At the time Mrs. Campbell had Fawn and White Indian Runner ducks as well as Rouen ducks. Indian Runner ducks are known to be very good egg layers. The Rouen has a nice sized body as her goal was to create a duck breed that would lay a great number of eggs and have a large body for good meat.
The cross of the Indian Runner ducks and the Rouen created the first Campbell ducks. These ducks went on to become one of the world’s greatest egg laying ducks. They will lay between 250 to 340 large eggs that are known for the exceptional flavor and texture. They also have sought after meat that is of good quality and is really tasty.
Originally these first Campbell ducks were introduced to English society in 1898. But these Campbells did not have a very good feather coloring and were said to resemble Mallards that color was poor and maybe a bit faded.
In the 1800’s around the time, the Campbell was released into society buff colored poultry feathers were the favored color variety.

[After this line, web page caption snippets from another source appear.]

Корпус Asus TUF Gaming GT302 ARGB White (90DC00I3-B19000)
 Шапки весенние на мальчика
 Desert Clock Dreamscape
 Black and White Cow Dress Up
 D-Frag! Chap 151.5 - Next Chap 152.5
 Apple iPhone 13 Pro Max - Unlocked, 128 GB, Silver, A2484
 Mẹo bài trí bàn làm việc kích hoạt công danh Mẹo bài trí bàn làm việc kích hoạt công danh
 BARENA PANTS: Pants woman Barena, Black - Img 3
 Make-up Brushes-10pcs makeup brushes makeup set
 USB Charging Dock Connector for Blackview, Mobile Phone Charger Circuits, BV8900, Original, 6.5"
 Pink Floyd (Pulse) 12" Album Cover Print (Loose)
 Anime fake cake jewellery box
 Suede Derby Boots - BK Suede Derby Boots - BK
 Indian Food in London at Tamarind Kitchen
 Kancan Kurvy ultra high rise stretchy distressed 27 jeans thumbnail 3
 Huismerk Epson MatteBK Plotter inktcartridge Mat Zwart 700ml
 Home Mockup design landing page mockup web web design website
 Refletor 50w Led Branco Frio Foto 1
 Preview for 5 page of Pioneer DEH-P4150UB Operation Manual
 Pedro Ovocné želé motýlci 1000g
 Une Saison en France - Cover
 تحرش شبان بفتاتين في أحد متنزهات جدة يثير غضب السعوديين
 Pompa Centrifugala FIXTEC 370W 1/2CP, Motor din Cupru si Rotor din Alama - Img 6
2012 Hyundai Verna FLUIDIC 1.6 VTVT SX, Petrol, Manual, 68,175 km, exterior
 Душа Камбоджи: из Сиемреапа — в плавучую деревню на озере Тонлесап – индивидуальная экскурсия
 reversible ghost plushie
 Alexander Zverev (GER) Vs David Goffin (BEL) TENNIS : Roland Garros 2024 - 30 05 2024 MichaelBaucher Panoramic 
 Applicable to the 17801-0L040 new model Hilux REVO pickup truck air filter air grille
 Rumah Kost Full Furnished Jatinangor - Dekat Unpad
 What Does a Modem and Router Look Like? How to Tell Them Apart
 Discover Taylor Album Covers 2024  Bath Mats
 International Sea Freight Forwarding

In an attempt to give her Campbells a makeover and better coloring Mrs. Campbell crossed these Campbell ducks with her Penciled Runner ducks. The result was the unique coloring of the Khaki Campbell. Not quite buff and not quite fawn or brown. The coloring of the ducks reminded Mrs. Campbell of the uniforms worn by the military back them. So the new color variations of the Campbells were named Khaki Campbells after the soldier’s uniforms.
The first Campbells were imported to the United States in 1929. There were accepted into the Standard of Perfection by the American Poultry Association in 1941. Although there are a few color varieties of the Campbell only the Khaki variety is recognized by the American Poultry Association.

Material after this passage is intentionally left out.